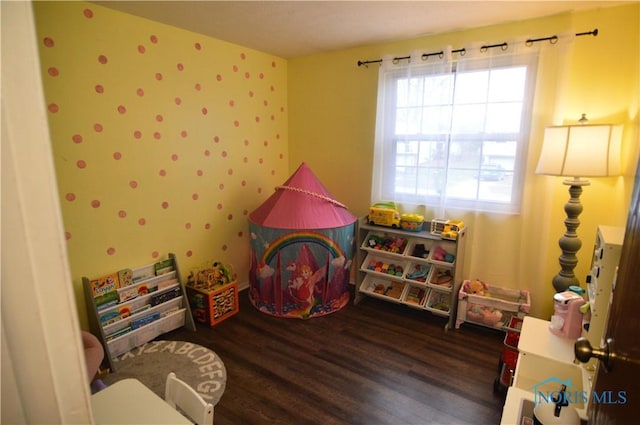 rec room featuring dark hardwood / wood-style floors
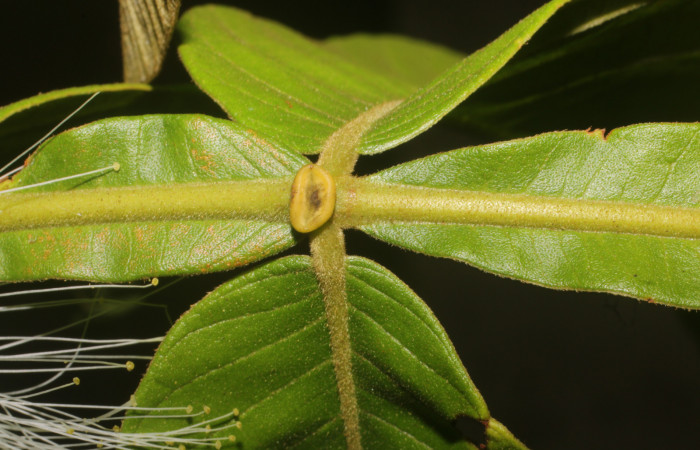 Figura. 7 Nectario, <i>Inga eldulis</i>, (Fabaceae). Area de Conservación Guanacaste, Sector Rincón Rain Forest, Estación Leiva, Selva, (elevación 410 metros), colectada el 30 de Abril 2019. Foto, Jorge Hernández.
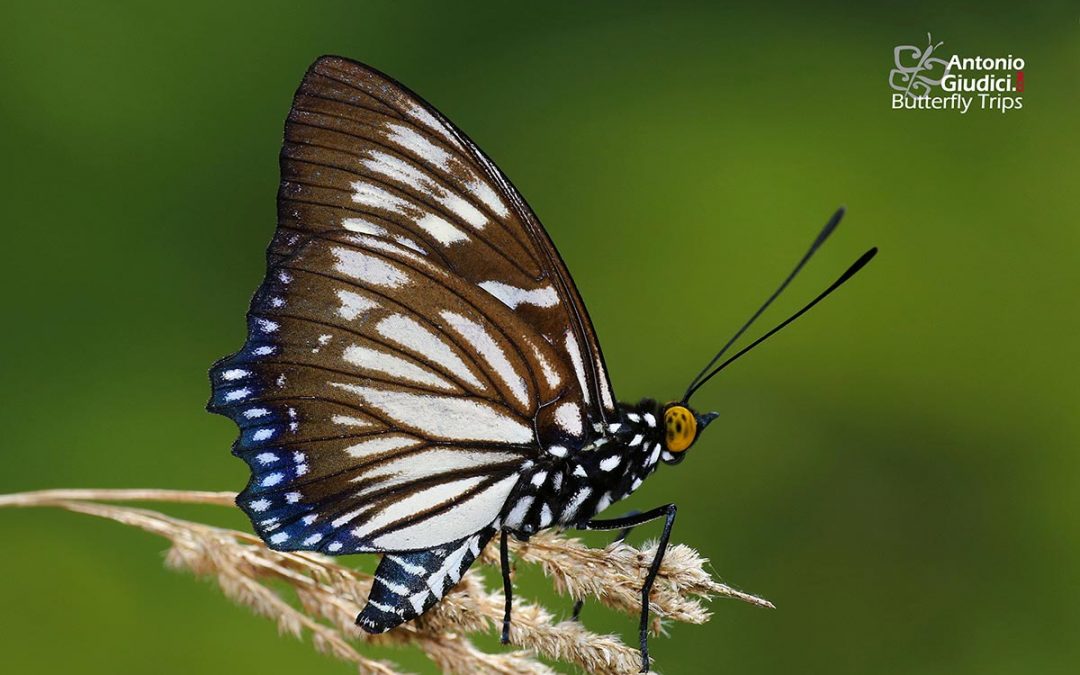 The Courtesanผีเสื้อปีกเว้าธรรมดาEuripus nyctelius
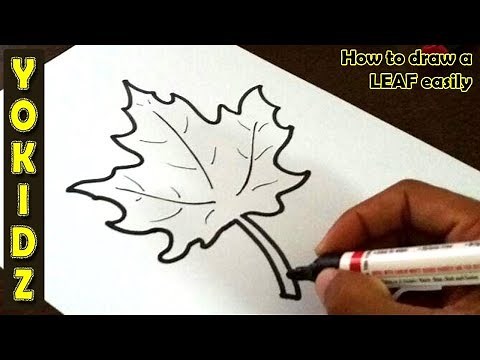 How to draw a LEAF easily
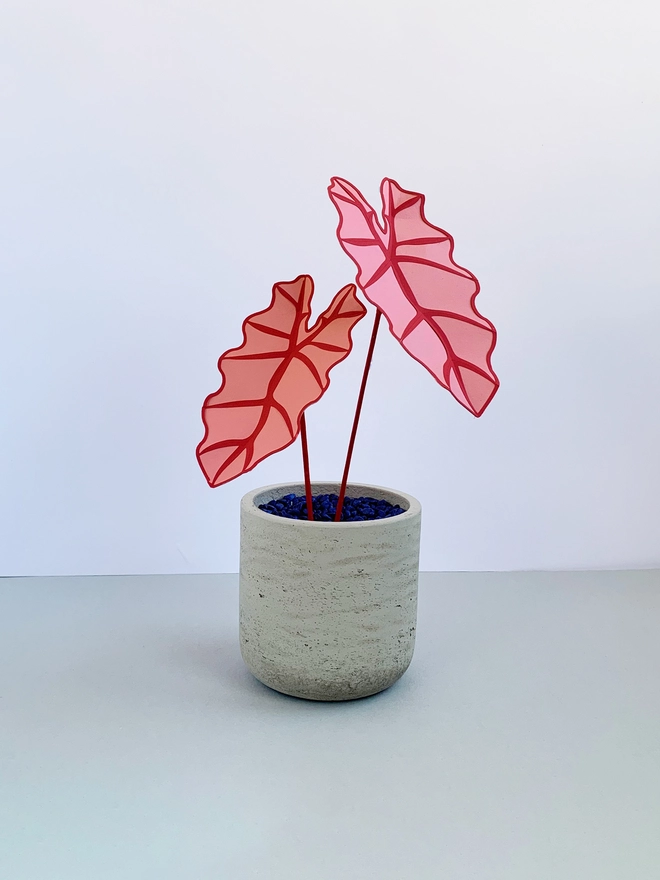 Pink paper plant by Brazen Botany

────

> _TASK GOAL_:
Nothing but the records, restated word for word and stripped of images, belongs in the answer.

> _TASK RESULT_:
 rec room featuring dark hardwood / wood-style floors
 Figura. 7 Nectario, <i>Inga eldulis</i>, (Fabaceae). Area de Conservación Guanacaste, Sector Rincón Rain Forest, Estación Leiva, Selva, (elevación 410 metros), colectada el 30 de Abril 2019. Foto, Jorge Hernández.
 The Courtesanผีเสื้อปีกเว้าธรรมดาEuripus nyctelius
 How to draw a LEAF easily
 Pink paper plant by Brazen Botany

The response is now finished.